Rosalyn Tureck (December 14, 1913 – July 17, 2003) was an American pianist and harpsichordist who was particularly associated with the music of Johann Sebastian Bach. However, she had a wide-ranging repertoire that included works by composers Ludwig van Beethoven, Johannes Brahms and Frédéric Chopin, as well as more modern composers such as David Diamond, Luigi Dallapiccola and William Schuman. Diamond's Piano Sonata No. 1 was inspired by Tureck's playing. She was one of the great pianists of the 20th Century and she is also known as the High Priestess of Bach.

==Biography==
Tureck was born in Chicago, Illinois, the third of three daughters of Russian Jewish immigrants Samuel Tureck (né Turk; Rosalyn's father was of Turkish descent) and Monya (Lipson) Tureck.
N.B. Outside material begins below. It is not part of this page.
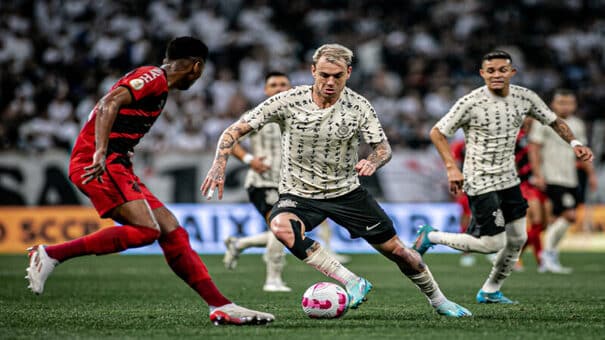 Nhận định Corinthians vs Paranaense 6h00 ngày 18/10 (VĐQG Brazil 2024). Hãy đến iBet1668 soi kèo bóng đá .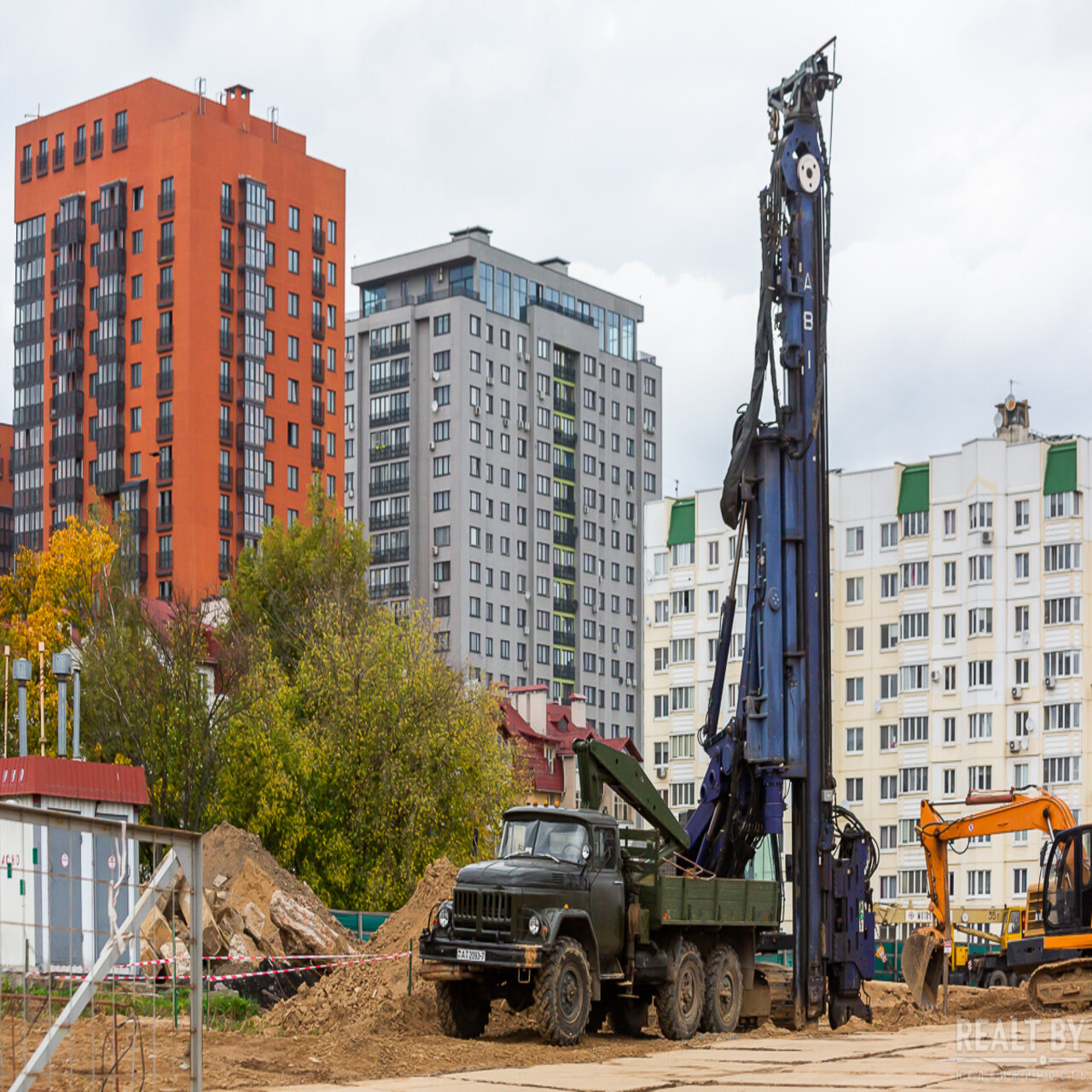 На ул. Жуковского в Минске началось строительство еще одной высотки: первые  квартиры в продаже появятся к концу года — последние Новости на Realt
She was the granddaughter of a cantor from Kiev. The first of her teachers to recognize her special gifts for playing the music of Bach was the Javanese-born Dutch pianist Jan Chiapusso, who gave her twice-weekly lessons in Chicago from 1929 to 1931 and also introduced her to the sounds of exotic instruments and ensembles such as the Javanese gamelan.

At Tuley High School (closed 1974), Tureck was a friend and classmate of future Nobel Prize–winning novelist Saul Bellow, who graduated in January 1932. The two remained in contact for decades.

"My technique was grounded, from my earliest years of study, in the school of Mendelssohn as passed on by Anton Rubinstein and many of his pupils, one of whom, Sophia Brilliant-Liven, was my teacher. It's essentially a finger technique, not a chordal one." Tureck reports that Brilliant-Liven was a stern teacher. "During the years I was with her, from the ages of 9 to 13, she never praised my playing." However, she made up for this, Tureck said, with a single compliment given to 13-year old Tureck after her performance in the semi-finals of a piano competition in which 80,000 young pianists participated. Brilliant-Liven told young Tureck, "If I had been listening from outside the auditorium, I would have sworn it was Anton Rubinstein himself playing." Tureck went on to the finals, and to win first prize in the competition.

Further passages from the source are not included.